Problem to solve:
Set the listing down again in full, word for word, with the pictures left out.

Given information:
* * *
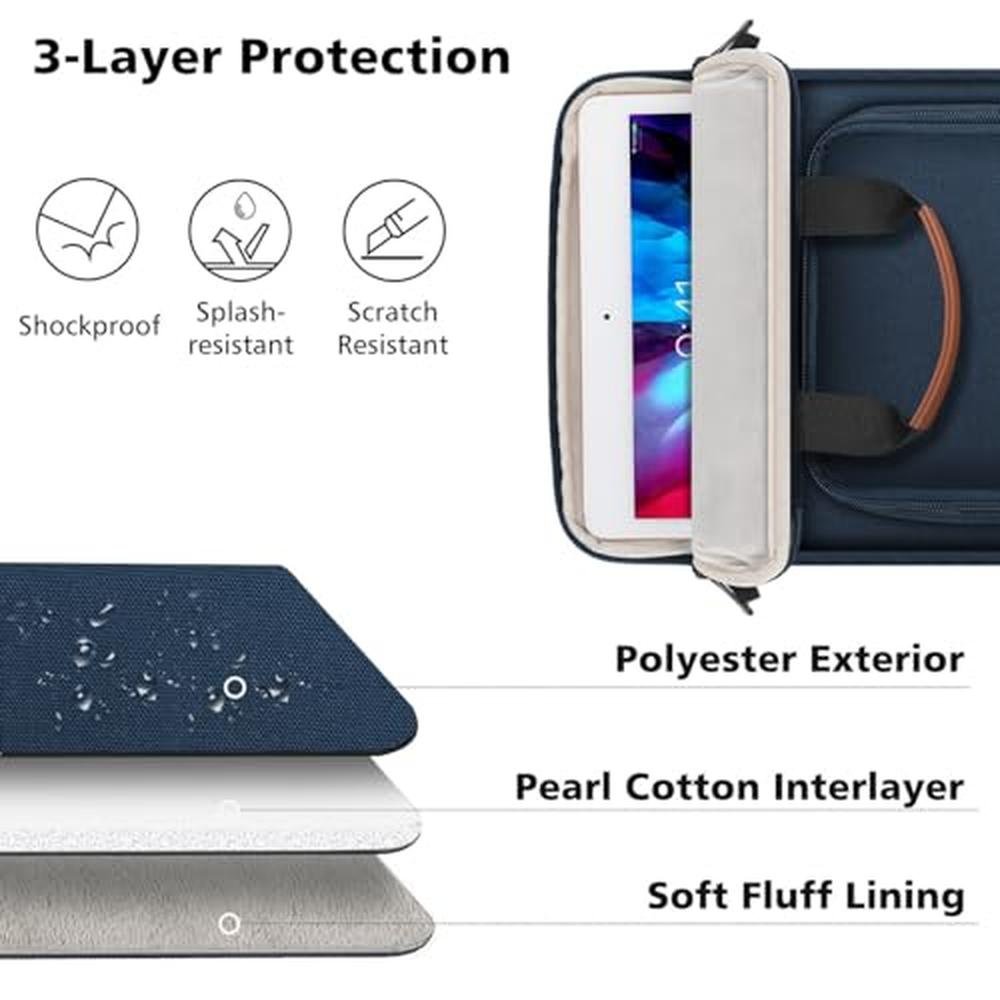 Moko Tablet Sleeve Bag: 9-11 Inch Protective Case for iPad – Packaging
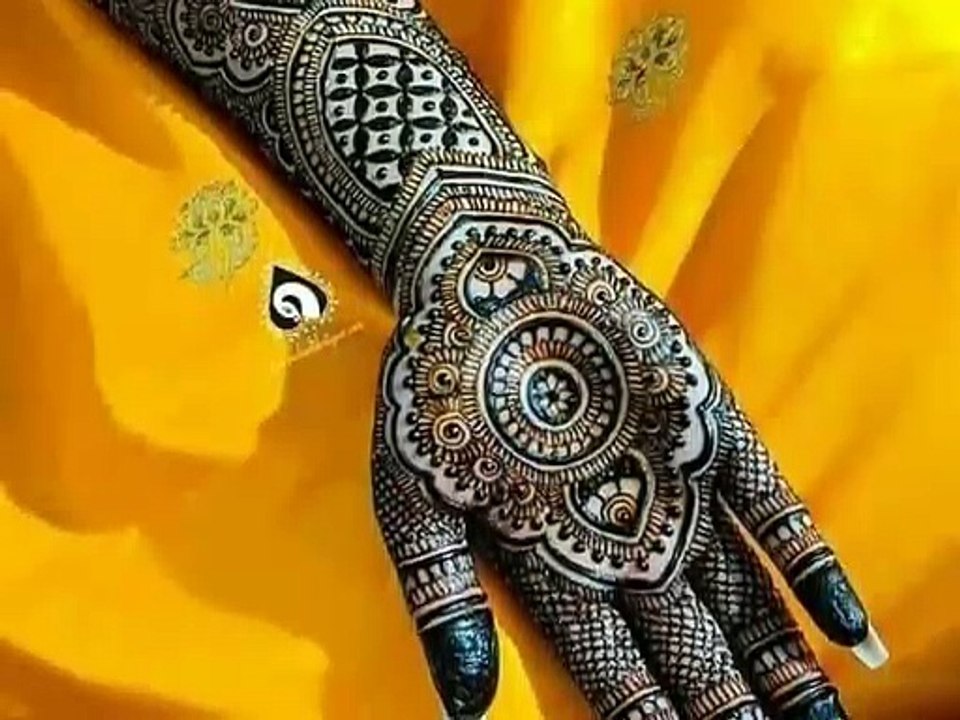 Mehendi designs video no.8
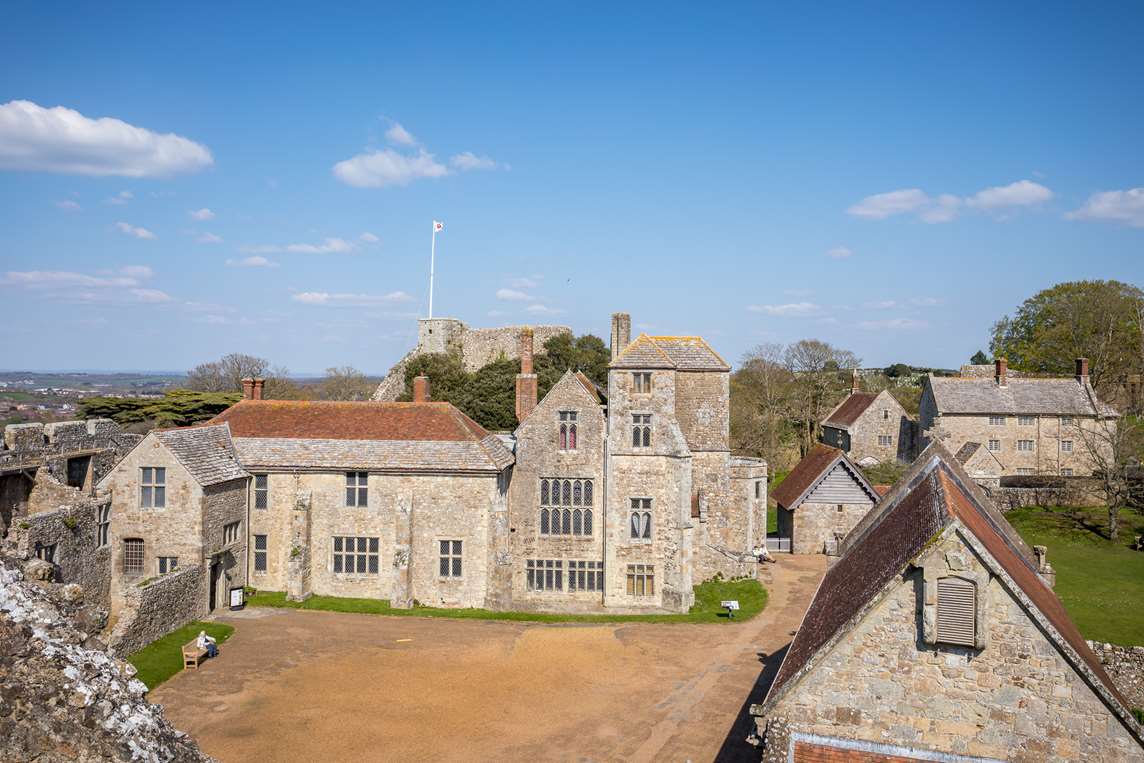 Carisbrooke Castle Carisbrooke Castle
* * *
Answer section:
 Moko Tablet Sleeve Bag: 9-11 Inch Protective Case for iPad – Packaging
 Mehendi designs video no.8
 Carisbrooke Castle Carisbrooke Castle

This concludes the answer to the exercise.